Хоть было жалко обрезать

Те величавые дубы…

Я в них страдал, я в них любил,

И, как они же, полон был

Презренья к мелочи людской

И враждования с землей…

Мне стало жаль… мне гнусен стал

Пигмеев кровожадный пир…

Я с чернью пьянствовать устал

И заливать без цели мир

Старинной кровью… Я узнал,

Что вечный рок сильней меня,

Что есть один еще оплот,

Что он созданье бережет

От разрушителя огня.

3

. . . . . . . . . . . . . .

4

Но близок час… огонь пробьет

Последний, слабый свой оплот,

И, между тем, меня печаль

Терзает, и тебя мне жаль…

Мне страшно грустен образ твой;

Тебя я с бешеной хулой

Влеку к паденью… чистота

Твоя исчезла, и бежит

С твоих ланит хранитель — стыд;

Не облит влагой тихий взор —

Холодным блеском светит он;

Вошла ты также с небом в спор;

Из груди также рвется стон

Проклятий гордых на судьбу.

Как я, отвергла ты закон,

Как я, забыла ты мольбу,

И скоро для обоих нас

Пробьет покоя вечный час…»

22

В таком ли точно тоне говорил

Князь области воздушной, я наверно

Сказать вам не могу: сатаниил —

Поэт не нам чета, и лишь примерно

Его любимый ритм я здесь употребил —

Ритм Байрона{52} — хотя, быть может, скверно.

Не в этом дело, впрочем: смысл же слов,

Ручаюсь головою, был таков.

23

Любил не раз он — это вам известно —

По крайней мере, вам то Мейербер

И Лермонтов открыли — очень лестно

Для женщин это… надоел размер

Страстей обыкновенных им — и тесно

Им в узких рамках. . . . . .

. . . . . . . . . . . . . .

. . . . . . . . . . . . . .

24

В наш век во вкусах странен Евин род;

Ни красота, тем меньше добродетель,

Ни даже ум в соблазн его влечет:

К уродам страсть бывает… Не один свидетель

Тому найдется. Дьявольский расчет

И равнодушие (в глуши ль то будет, в свете ль)
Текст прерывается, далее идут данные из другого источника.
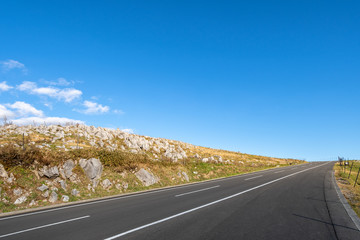 四国カルストの風景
С известной степенью цинизма — вот

Что нынче увлекает Евин род.

25

Жуанов и Ловласов племя ныне

Уж вывелось — героев больше нет;

Герой теперь сдал место героине,

И не Жуан — Жуана ныне свет

Дивит своим презрением к святыне

Любви и счастья, дерзостью побед…

Змеиной гибкостью души своей и стана,

Пантеры злостию — вперед, вперед, Жуана.

26

Вперед, Жуана… путь перед тобой

Лежит отныне ровный и свободный…

Иди наперекор себе самой

В очах с презрением и дерзостью холодной,

В страдающей груди с глубокою тоской,

Иди в свой путь, как бездна, неисходный,

Не знаешь ты, куда тот путь ведет,—

Но ты пошла — что б ни было — вперед!